COS 98-8
Linking the production of two of Earth's most potent greenhouse gases

Thursday, August 13, 2015: 10:30 AM
318, Baltimore Convention Center
Benton N. Taylor, Ecology, Evolution, and Environmental Biology, Columbia University, New York, NY
Wenying Liao, Ecology, Evolution, and Environmental Biology, Columbia University, New York, NY
Duncan N. L. Menge, Ecology, Evolution, and Environmental Biology, Columbia University, New York, NY
Background/Question/Methods

Human-induced increases in atmospheric CO2 may have compounding effects on global climate if they also influence the production of other greenhouse gases such as nitrous oxide (N2O).
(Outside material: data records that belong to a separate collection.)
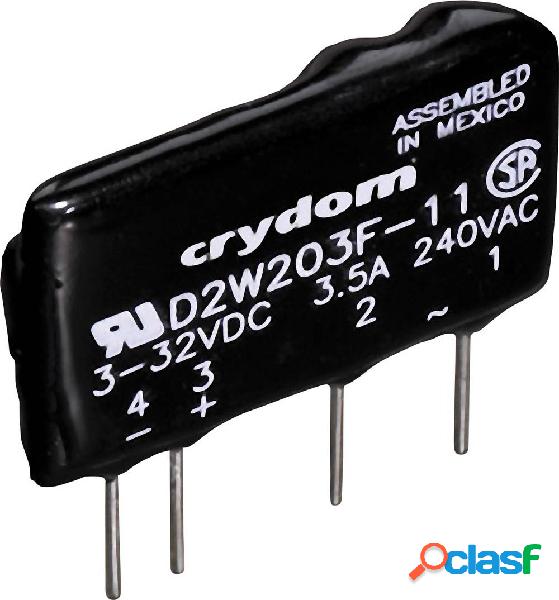 Crydom Relè a semiconduttore D2W202F 2 A Tens.comm.max: 280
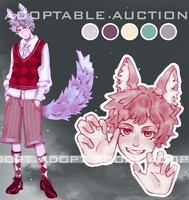 Canine ADOPT AUCTION (OPEN)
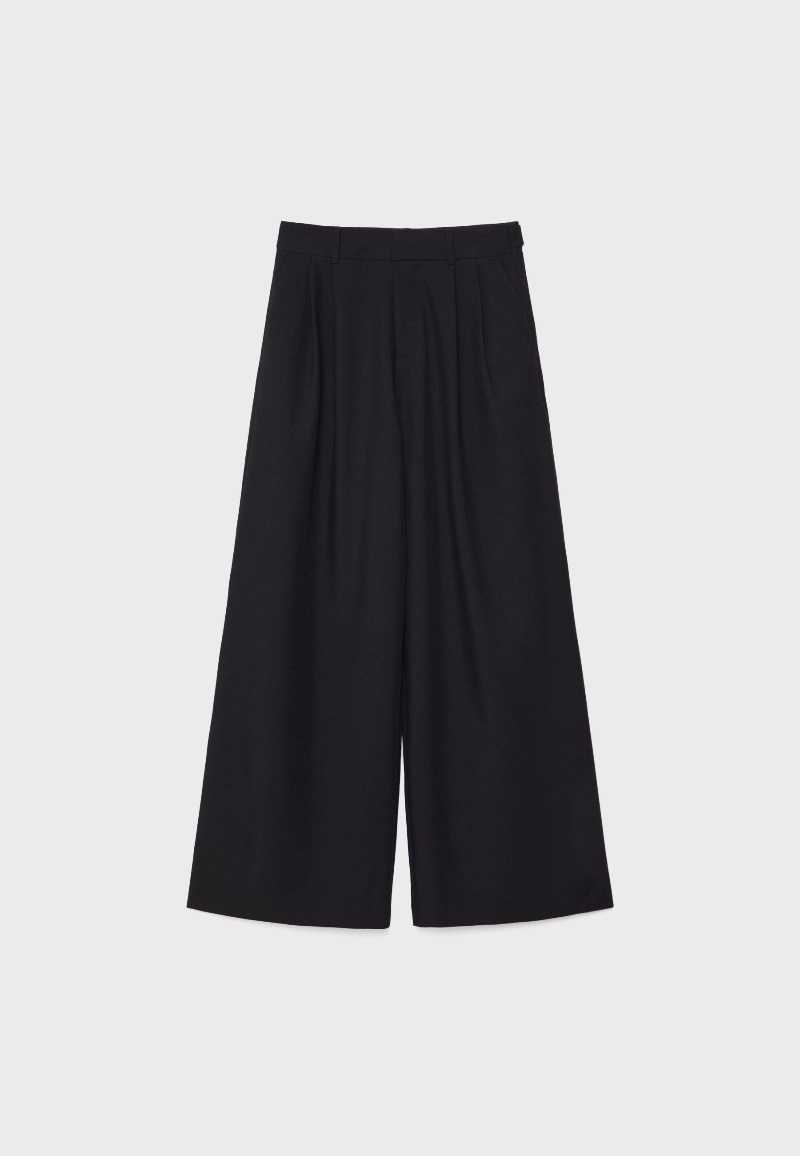 pantalone wide stradivarius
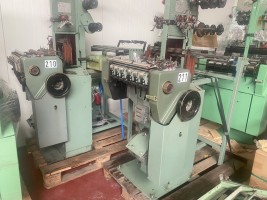  MULLER NF Narrow fabric looms for tapes and belts  NF  MULLER 1985  Used - Second Hand Textile Machinery 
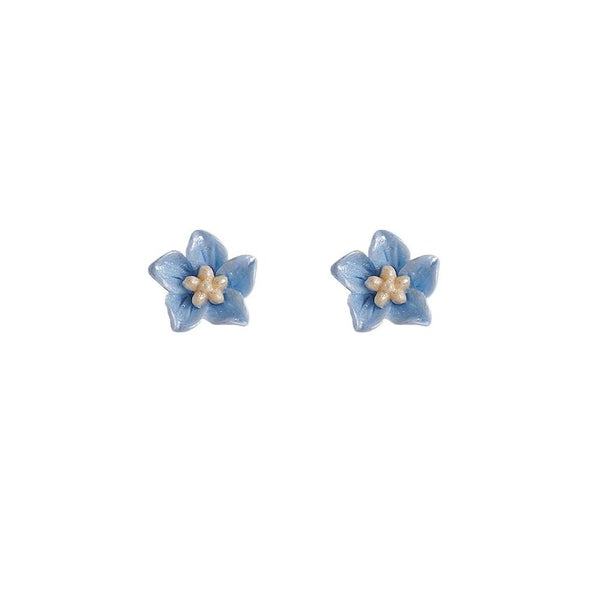 Earring Flower / Clip Stud On FashionChic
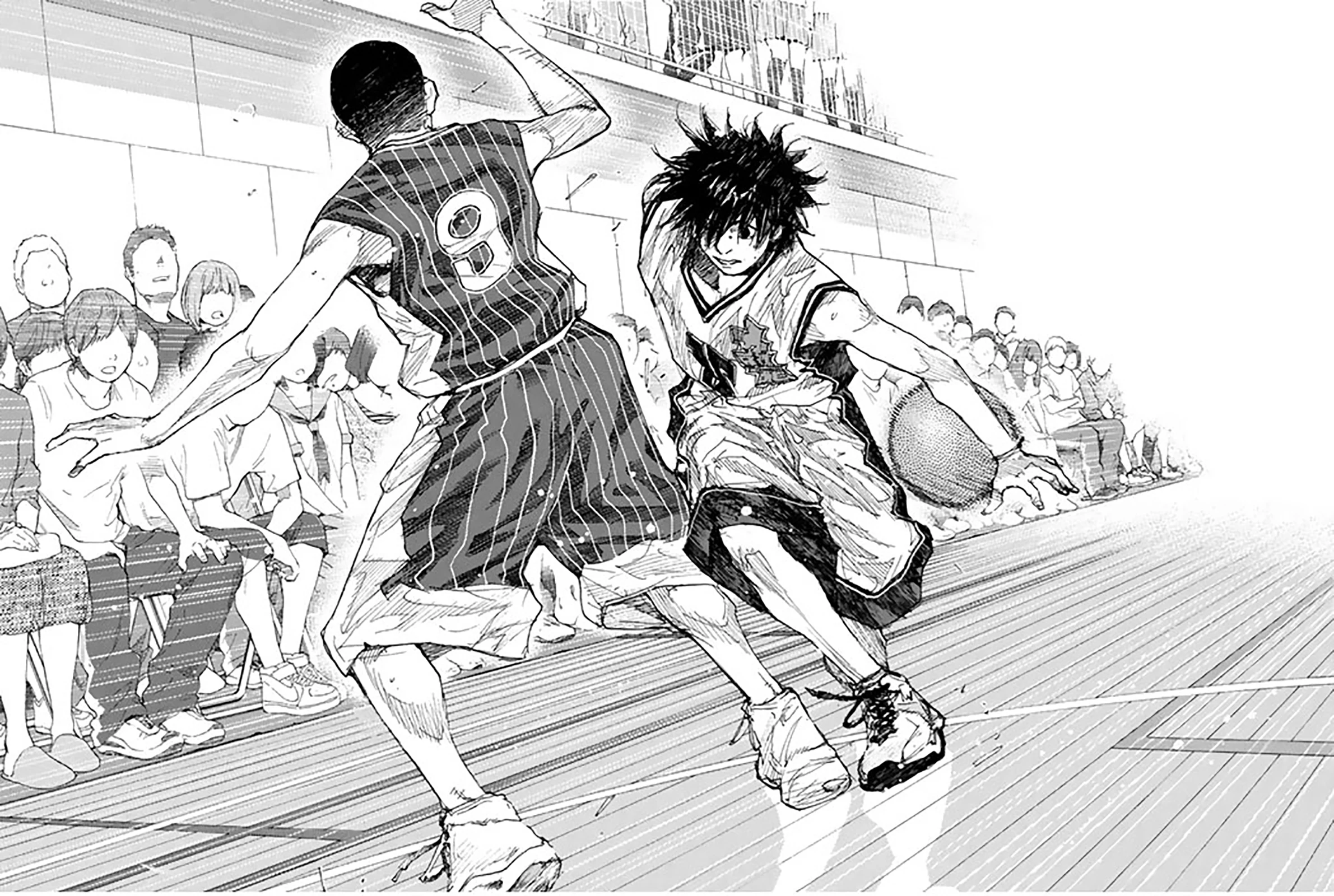 Read Ahiru no Sora ENGLISH Manga Online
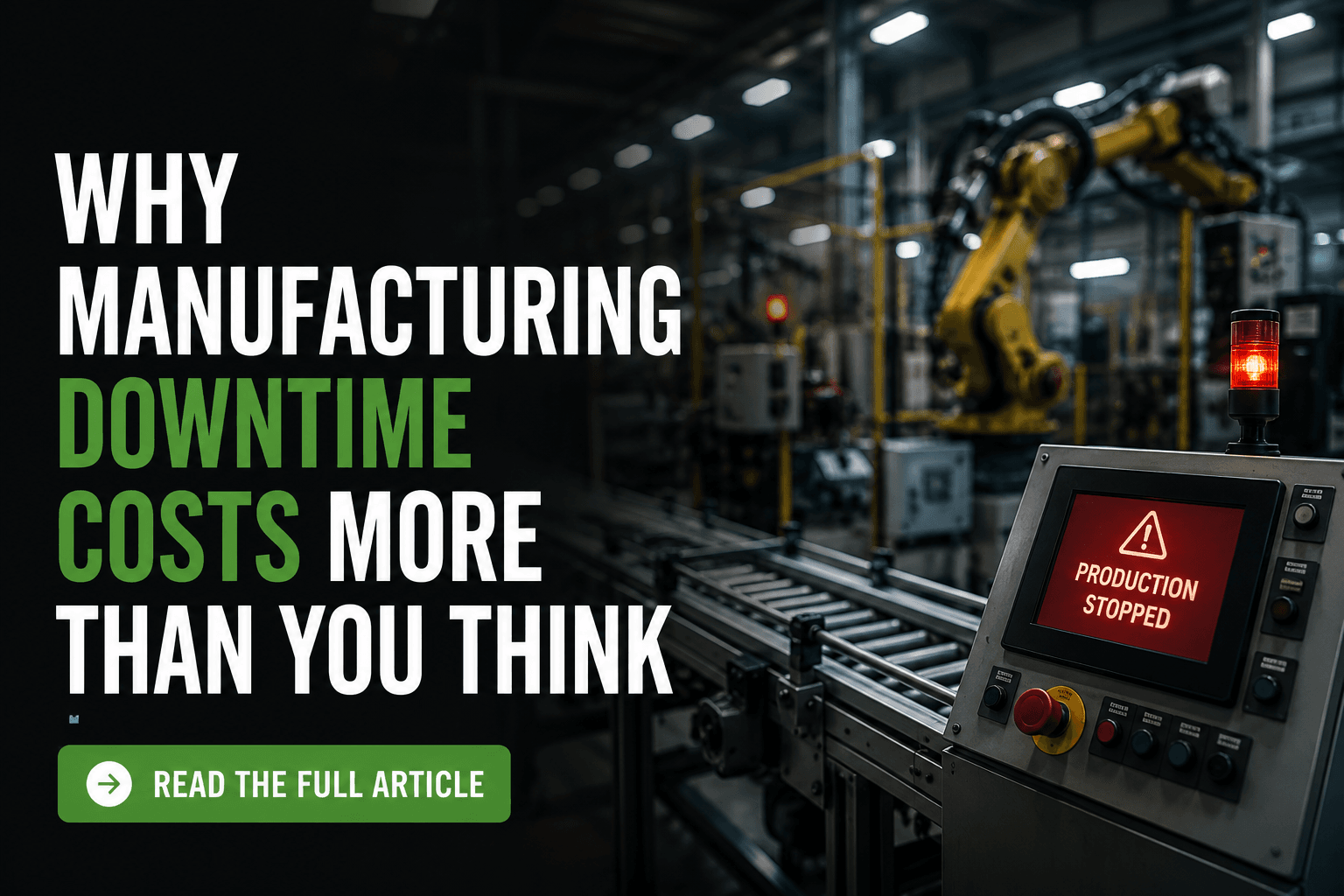 PLC Spare Parts: What Every Maintenance Manager Should Keep in Stock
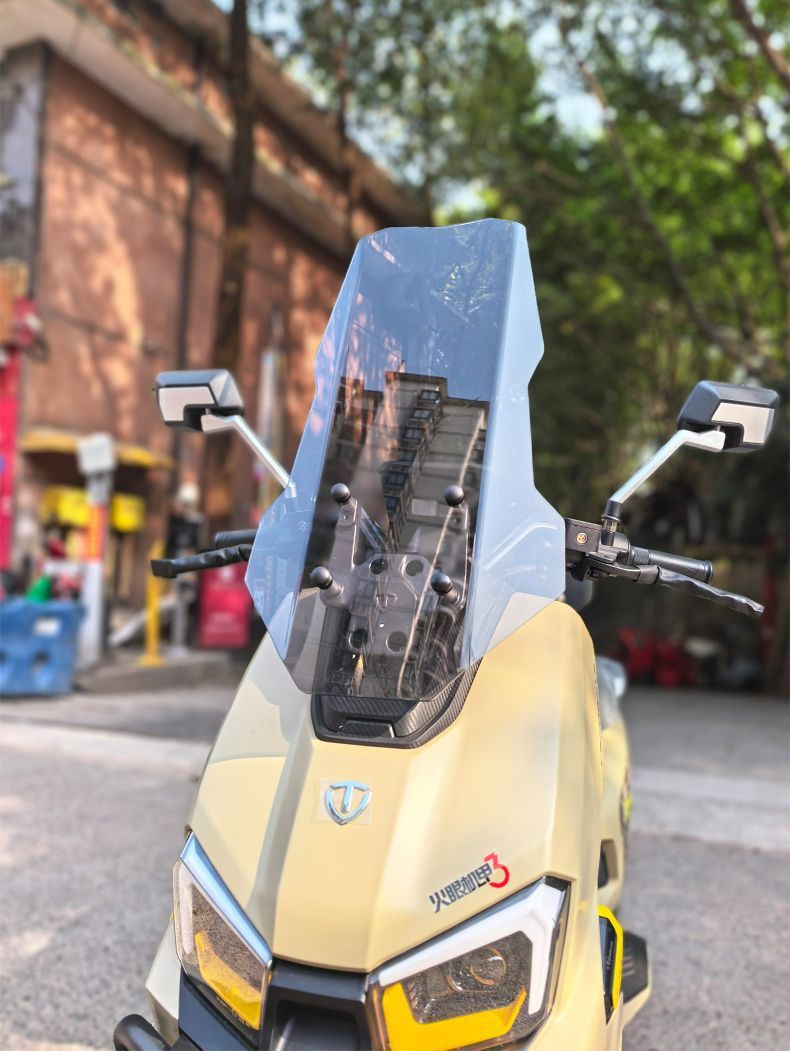 Suitable for Tailg Fengshen Front Windshield Modification and Heightening, Fire Eye Mecha 3/King Front Windshield Accessories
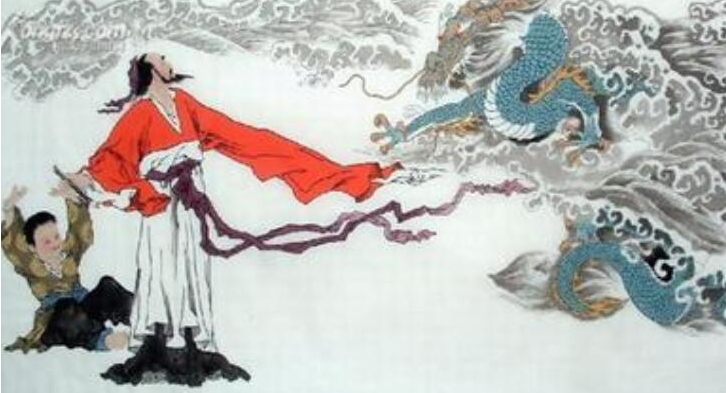 叶公好龙的故事主要讲了什么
These secondary effects may be currently underappreciated given the 298-times greater per-molecule global warming potential of N2O. Mounting evidence from plot-scale studies links increases in atmospheric CO2 with emissions of N2O from soils, but our understanding of this relationship remains largely phenomenological. Identifying the ecological mechanisms that couple the production of these two greenhouse gases is critical to scaling plot-level studies up to the globe, and to predicting their influence on future global change. To this end, we present a mechanistic framework defining the primary plausible effects of changes in atmospheric CO2 on N2O emissions. We then use existing information to create initial estimates of the direction and magnitude of each component of the CO2-N2O effect.

Results/Conclusions

Our framework identifies six primary mechanistic pathways linking emissions of CO2 and N2O.  CO2 affects: temperature, plant metabolic production of N2O, root exudates, plant water use efficiency, plant N immobilization, and litter C:N ratio, some of which influence each other, and all of which influence N2O emissions. The first four of these mechanisms likely represent positive relationships between atmospheric CO2 and N2O emissions, whereas the final two (plant N immobilization and litter C:N ratio changes) may have variable or negative effects on N2O production. The effects of CO2 on temperature and root exudates likely stimulate large emissions of N2O.  Notably, our estimates of potential N2O production via plant metabolism (up to 0.76 Tg N2O/yr) suggest that this may represent a globally relevant source that currently goes unaccounted for in many global climate models. This work presents a platform for future research aimed at refining the strength of each of these mechanistic links and their implications for the global climate. A more precise understanding of the effect of atmospheric CO2 on N2O emissions is paramount to long-term predictions of humanity’s role in current and future global climatic change.